This page is dedicated to the 1.5 million Armenians that were killed by the "Young Turk" government during the latter of WWI (1915-16). May God rest their souls.
What doesn't wipe us out now, only makes us
stronger.
The Armenian Genocide was carried out by the "Young Turk" government of the Ottoman Empire in 1915-1916 (with subsidiaries to 1922-23). One and a half million Armenians were killed, out of a total of two and a half million Armenians in the Ottoman Empire.
Most Armenians in America are children or grandchildren of the survivors, although there are still many survivors amongst us.
Armenians all over the world commemorate this great tragedy on April 24, because it was on that day in 1915 when 300 Armenian leaders, writers, thinkers and professionals in Constantinople (present day Istanbul) were rounded up, deported and killed. Also on that day in Constantinople, 5,000 of the poorest Armenians were butchered in the streets and in their homes.
The Armenian Genocide was masterminded by the Central Committee of the Young Turk Party (Committee for Union and Progress [Ittihad ve Terakki Cemiyet, in Turkish]) which was dominated by Mehmed Talât [Pasha], Ismail Enver [Pasha], and Ahmed Djemal [Pasha]. They were a racist group whose ideology was articulated by Zia Gökalp, Dr. Mehmed Nazim, and Dr. Behaeddin Shakir.
The Armenian Genocide was directed by a Special Organization (Teshkilati Mahsusa) set up by the Committee of Union and Progress, which created special "butcher battalions," made up of violent criminals released from prison.
Some righteous Ottoman officials such as Celal, governor of Aleppo; Mazhar, governor of Ankara; and Reshid, governor of Kastamonu, were dismissed for not complying with the extermination campaign. Any common Turks who protected Armenians were killed.
The Armenian Genocide occurred in a systematic fashion, which proves that it was directed by the Young Turk government.
First the Armenians in the army were disarmed, placed into labor battalions, and then killed.
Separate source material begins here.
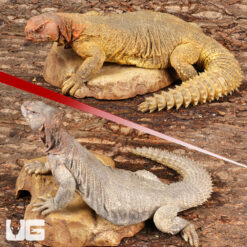 Adult Giant Saudi Arabian Uromastyx Pair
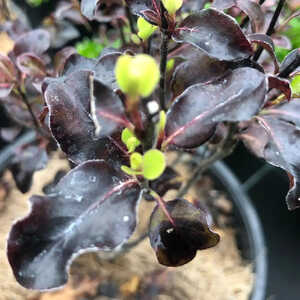 PITTOSPORUM tenuifolium 'Dark Diva'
Then the Armenian political and intellectual leaders were rounded up on April 24, 1915, and then killed.
Finally, the remaining Armenians were called from their homes, told they would be relocated, and then marched off to concentration camps in the desert between Jerablus and Deir ez-Zor where they would starve and thirst to death in the burning sun.
On the march, often they would be denied food and water, and many were brutalized and killed by their "guards" or by "marauders." The authorities in Trebizond, on the Black Sea coast, did vary this routine: they loaded Armenians on barges and sank them out at sea.
The Turkish government today denies that there was an Armenian genocide and claims that Armenians were only removed from the eastern "war zone." The Armenian Genocide, however, occurred all over Anatolia [present-day Turkey], and not just in the so-called "war zone." Deportations and killings occurred in the west, in and around Ismid (Izmit) and Broussa (Bursa); in the center, in and around Angora (Ankara); in the south-west, in and around Konia (Konya) and Adana (which is near the Mediterranean Sea); in the central portion of Anatolia, in and around Diyarbekir (Diyarbakir), Harpout (Harput), Marash, Sivas (Sepastia), Shabin Kara-Hissar (þebin Karahisar), and Ourfa (Urfa); and on the Black Sea coast, in and around Trebizond (Trabzon), all of which are not part of a war zone. Only Erzeroum, Bitlis, and Van in the east were in the war zone.